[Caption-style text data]

-*-*-

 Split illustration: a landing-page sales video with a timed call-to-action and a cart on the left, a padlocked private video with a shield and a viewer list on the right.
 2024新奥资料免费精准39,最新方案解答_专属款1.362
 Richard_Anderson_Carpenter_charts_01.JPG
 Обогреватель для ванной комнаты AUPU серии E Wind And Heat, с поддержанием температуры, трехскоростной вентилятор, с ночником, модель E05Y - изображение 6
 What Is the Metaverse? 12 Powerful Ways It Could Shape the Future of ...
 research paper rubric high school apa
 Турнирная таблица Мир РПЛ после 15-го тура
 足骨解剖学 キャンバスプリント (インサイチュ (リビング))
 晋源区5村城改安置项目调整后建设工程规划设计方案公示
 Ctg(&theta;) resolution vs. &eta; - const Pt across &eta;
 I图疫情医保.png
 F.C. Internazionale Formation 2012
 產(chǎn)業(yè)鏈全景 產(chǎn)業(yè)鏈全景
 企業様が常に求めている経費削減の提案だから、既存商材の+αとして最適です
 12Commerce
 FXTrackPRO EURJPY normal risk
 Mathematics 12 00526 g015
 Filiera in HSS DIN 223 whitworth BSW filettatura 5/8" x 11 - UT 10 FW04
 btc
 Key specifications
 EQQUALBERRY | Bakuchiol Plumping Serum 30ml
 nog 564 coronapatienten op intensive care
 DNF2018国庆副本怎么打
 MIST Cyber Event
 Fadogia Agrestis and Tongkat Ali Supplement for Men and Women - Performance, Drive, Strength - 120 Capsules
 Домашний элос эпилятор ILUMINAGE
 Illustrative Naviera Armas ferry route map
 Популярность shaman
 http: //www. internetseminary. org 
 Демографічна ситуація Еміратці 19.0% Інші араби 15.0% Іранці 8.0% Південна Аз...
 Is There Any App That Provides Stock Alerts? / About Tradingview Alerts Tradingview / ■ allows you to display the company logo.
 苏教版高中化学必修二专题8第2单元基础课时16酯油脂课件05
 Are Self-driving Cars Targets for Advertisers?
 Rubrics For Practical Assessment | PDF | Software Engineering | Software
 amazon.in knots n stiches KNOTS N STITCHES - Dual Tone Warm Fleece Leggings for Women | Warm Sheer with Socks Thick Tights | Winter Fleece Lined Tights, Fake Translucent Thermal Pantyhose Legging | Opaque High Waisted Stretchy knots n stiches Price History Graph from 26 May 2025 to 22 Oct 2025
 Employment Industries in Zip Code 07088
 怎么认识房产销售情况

-*-*-

### Exercise aim
Whenever a line above has the word "Women" in it, copy that line.

### Solution for this task
 Fadogia Agrestis and Tongkat Ali Supplement for Men and Women - Performance, Drive, Strength - 120 Capsules
 amazon.in knots n stiches KNOTS N STITCHES - Dual Tone Warm Fleece Leggings for Women | Warm Sheer with Socks Thick Tights | Winter Fleece Lined Tights, Fake Translucent Thermal Pantyhose Legging | Opaque High Waisted Stretchy knots n stiches Price History Graph from 26 May 2025 to 22 Oct 2025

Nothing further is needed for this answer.